Mean or Median - which one to use?

Mean vs median to measure the center of distribution

Now that we have learned the mean and the median and the corresponding measures of spread, which one should we use?

The decision mainly depends on two factors

The shape of the distribution
The presence or absence of outliers

The shape of the distribution in describing mean and median

The shape of the distribution influences which summary measure is most appropriate for describing the center of distribution for quantitative data.

The dot plots in figure 1.18 illustrate some of the common shapes that occur in distributions for quantitative data.

[Graphs here]

When do we prefer the mean?

In a unimodal symmetric distribution, the mean and median should be similar, and the mean is the preferred measure since its determination is based on all the data.

When do we prefer the median?

The graphical displays that we have examined for the study time data for example 1.2 have shown several study times tailing off below 50 minutes without corresponding values at the higher end of the distribution. A distribution with this feature is referred to as “skewed left,” a phrase that provides a description of the shape of the distribution. The median study time is 61 minutes, and the mean study time is 57 minutes. In this case, the mean has been pulled in the direction of the skew more so than the median. In general, skewness in a distribution tends to pull the mean in the direction of the skew. For this reason, in a skewed distribution, the median is more commonly used for characterizing a representative data value.

What are outliers?

In the data that we have been examining for example 1.2, the study times for two students of 20 and 25 minutes stand out as much lower than the study times of the other students. Data values that stand apart from the majority of the data in a set may be classified as outliers. Outliers can affect the values for various numerical summaries and may provide misleading information about the characteristics of a distribution for quantitative data.

Why do we need to identify outliers?

Identifying outliers is important for two reasons:

Some outliers are due to measuring, recording, or copying errors. If an error can be detected, then it can be corrected.
Some outliers however are legitimate values and provide useful information about the distribution for addressing the question at hand. However, they may not be representative of the overall data and can make it difficult to interpret the center and spread of the distribution. For example, let’s say a typical student spends 1 hour daily on homework but there is one student who spends 6 hours a day on homework. While it’s not an error, it might still make sense to exclude this student from the data because he/she is not representative of the data and can negatively affect our analysis. Similarly, if there is one dog that is as big as a horse, we could exclude this dog too.
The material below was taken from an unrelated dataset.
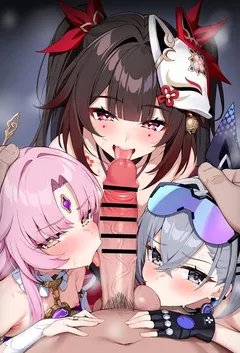 ��Ժ&amp;amp;��&amp;amp;��ſϵ�������½��б�,��Ժ&amp;amp;��&amp;amp;��ſϵ��ȫ���Ķ�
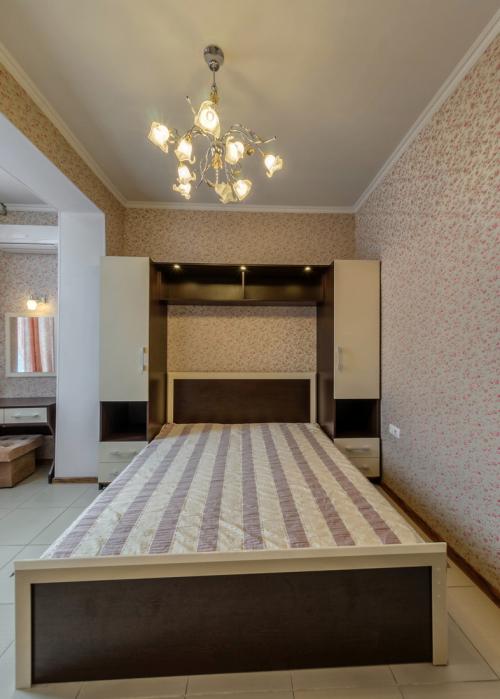 ��� "��������" ������� 2 ��������� 2 �������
How do we identify outliers?

There are some general rules you can use to identify outliers. However, we don't need to know them at this time. For the purpose of this lesson, we will simply choose the two values that are located very far apart from the rest of the values on the dot plot.

[table here]

In the study time example, the study times of 20 and 25 minutes are both outliers, and the first non-outlier in the lower half is 35 minutes. The upper end of the distribution has no outliers. Figure 1.22 shows the values for various numerical summaries for the original 28 study times and the corresponding 26 values when the 2 outliers are removed from the data.

How do outliers affect the numerical summaries? Should we use the mean or the median?

Let’s see how the numerical summaries change when we remove them.

Notice that deleting the outliers has some impact on almost all numerical summaries. Comparing the changes in the mean (57 to 59.7) and the median (61 to 62), we see that the deletion of the outliers has less impact on the median. This illustrates the fact that the median is more resistant to the effects of outliers than the mean. For this reason, we generally use the median to measure the center of distribution when there are outliers in the data.